Classification
Naive Bayes
Naïve Bayes
Example: Tennis and Weather
case class Tennis(outlook: String, temperature: String, humidity: String, wind: String, play: Boolean)
val events = List(
Tennis("Sunny", "Hot", "High", "Weak", false),
Tennis("Sunny", "Hot", "High", "Strong", false),
Tennis("Overcast", "Hot", "High", "Weak", true),
Tennis("Rain", "Mild", "High", "Weak", true),
Tennis("Rain", "Cool", "Normal", "Weak", true),
Tennis("Rain", "Cool", "Normal", "Strong", false),
Tennis("Overcast", "Cool", "Normal", "Strong", true),
Tennis("Sunny", "Mild", "High", "Weak", false),
Tennis("Sunny", "Cool", "Normal", "Weak", true),
Tennis("Rain", "Mild", "Normal", "Weak", true),
Tennis("Sunny", "Mild", "Normal", "Strong", true),
Tennis("Overcast", "Mild", "High", "Strong", true),
Tennis("Overcast", "Hot", "Normal", "Weak", true),
Tennis("Rain", "Mild", "High", "Strong", false))

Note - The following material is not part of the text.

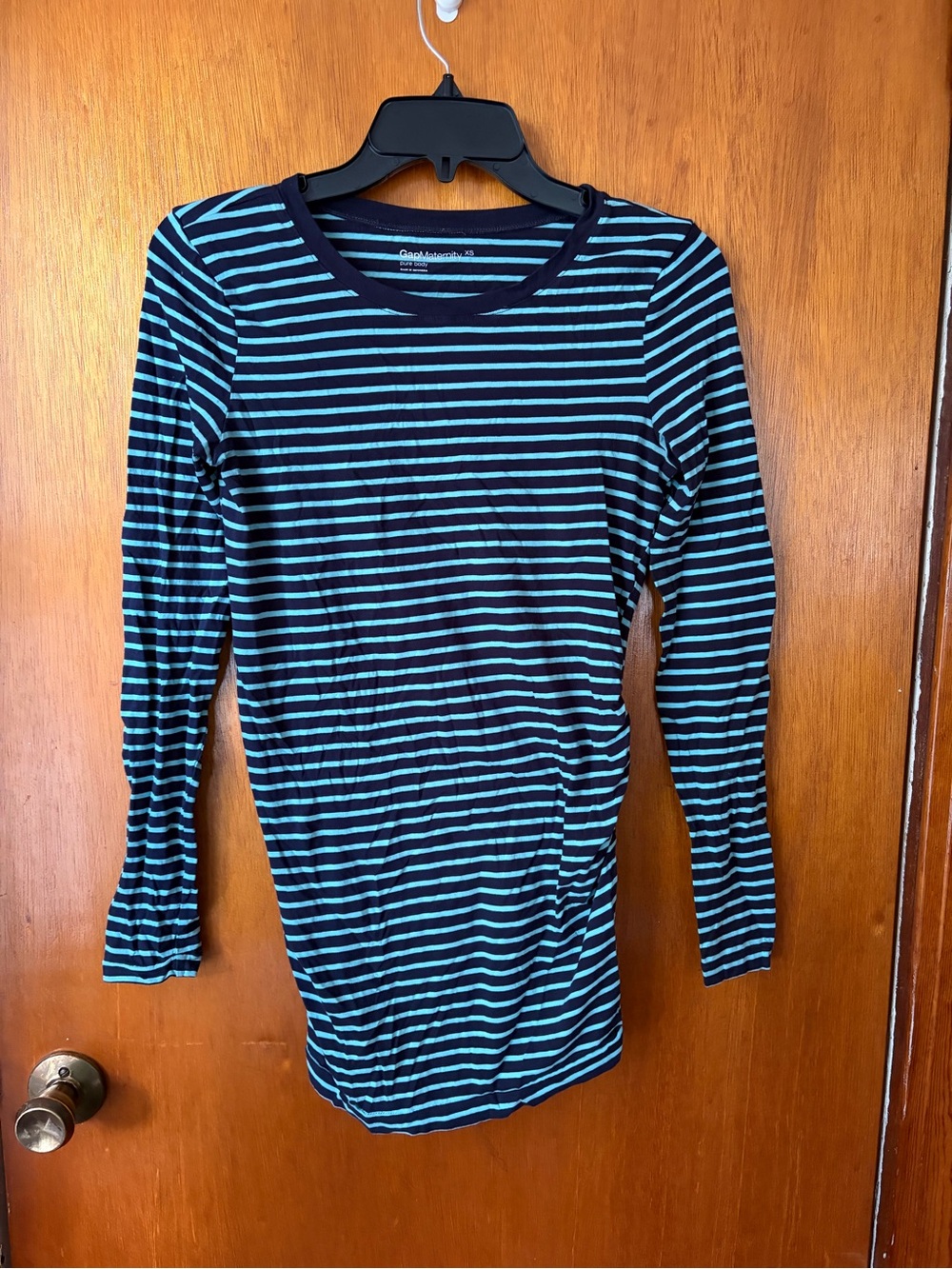 Striped Long Sleeve Tee in Navy Blue and Teal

Build a classifier to predict the Boolean feature 'play' given all the other features of the observations
import cats.implicits._
import spire.math._
import axle._
import axle.probability._
import axle.ml.NaiveBayesClassifier
val classifier = NaiveBayesClassifier[Tennis, String, Boolean, List, Rational](
events,
List(
(Variable[String]("Outlook") -> Vector("Sunny", "Overcast", "Rain")),
(Variable[String]("Temperature") -> Vector("Hot", "Mild", "Cool")),
(Variable[String]("Humidity") -> Vector("High", "Normal", "Low")),
(Variable[String]("Wind") -> Vector("Weak", "Strong"))),
(Variable[Boolean]("Play") -> Vector(true, false)),
(t: Tennis) => t.outlook :: t.temperature :: t.humidity :: t.wind :: Nil,
(t: Tennis) => t.play)
Use the classifier to predict:
events map { datum => datum.toString + "\t" + classifier(datum) } mkString("\n")

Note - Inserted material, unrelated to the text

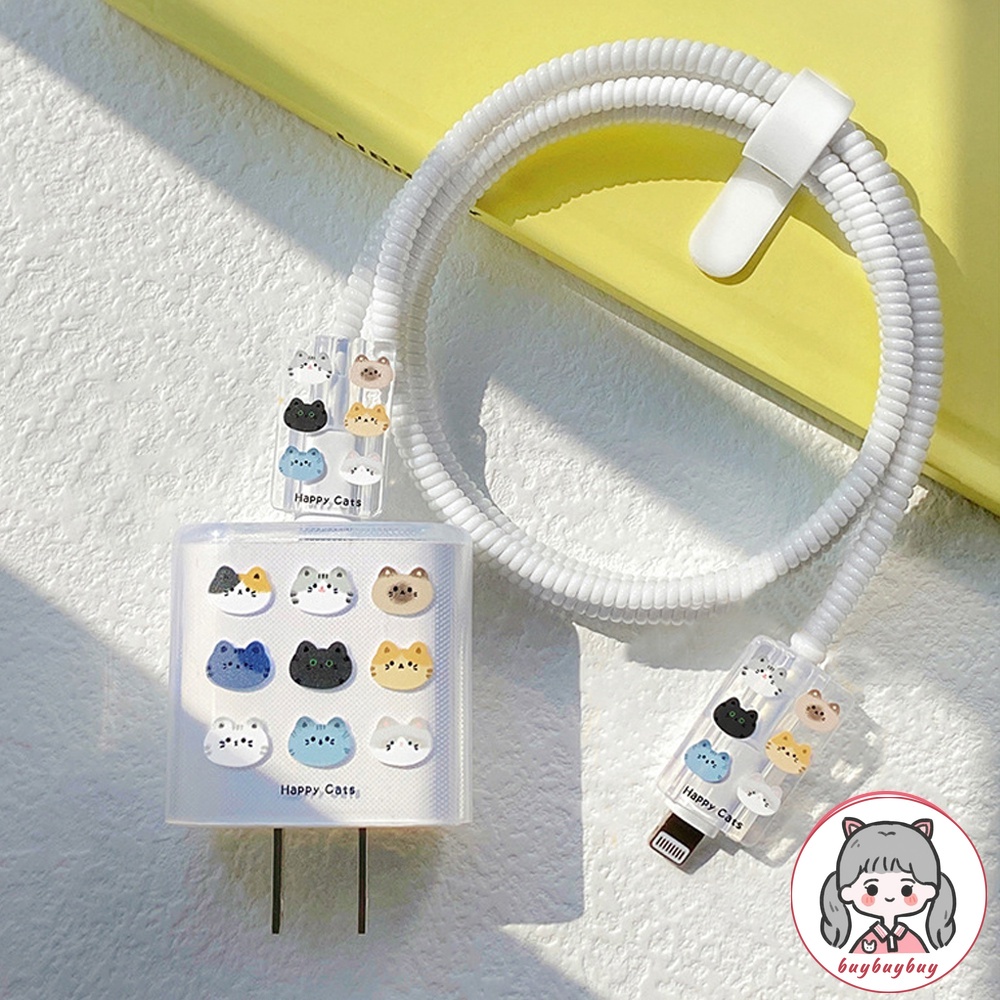 Dễ Thương Vỏ Bảo Vệ Hộp Sạc Tai Nghe iphone 11 12 13 14 18w-20w Bằng Silicon Trong Suốt Hình Chó Mèo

// res1: String = """Tennis(Sunny,Hot,High,Weak,false) false
// Tennis(Sunny,Hot,High,Strong,false) false
// Tennis(Overcast,Hot,High,Weak,true) true
// Tennis(Rain,Mild,High,Weak,true) true
// Tennis(Rain,Cool,Normal,Weak,true) true
// Tennis(Rain,Cool,Normal,Strong,false) true
// Tennis(Overcast,Cool,Normal,Strong,true) true
// Tennis(Sunny,Mild,High,Weak,false) false
// Tennis(Sunny,Cool,Normal,Weak,true) true
// Tennis(Rain,Mild,Normal,Weak,true) true
// Tennis(Sunny,Mild,Normal,Strong,true) true
// Tennis(Overcast,Mild,High,Strong,true) true
// Tennis(Overcast,Hot,Normal,Weak,true) true
// Tennis(Rain,Mild,High,Strong,false) false"""
Measure the classifier's performance
import axle.ml.ClassifierPerformance
ClassifierPerformance[Rational, Tennis, List](events, classifier, _.play).show
// res2: String = """Precision 9/10
// Recall 1
// Specificity 4/5
// Accuracy 13/14
// F1 Score 18/19
// """
See Precision and Recall for the definition of the performance metrics.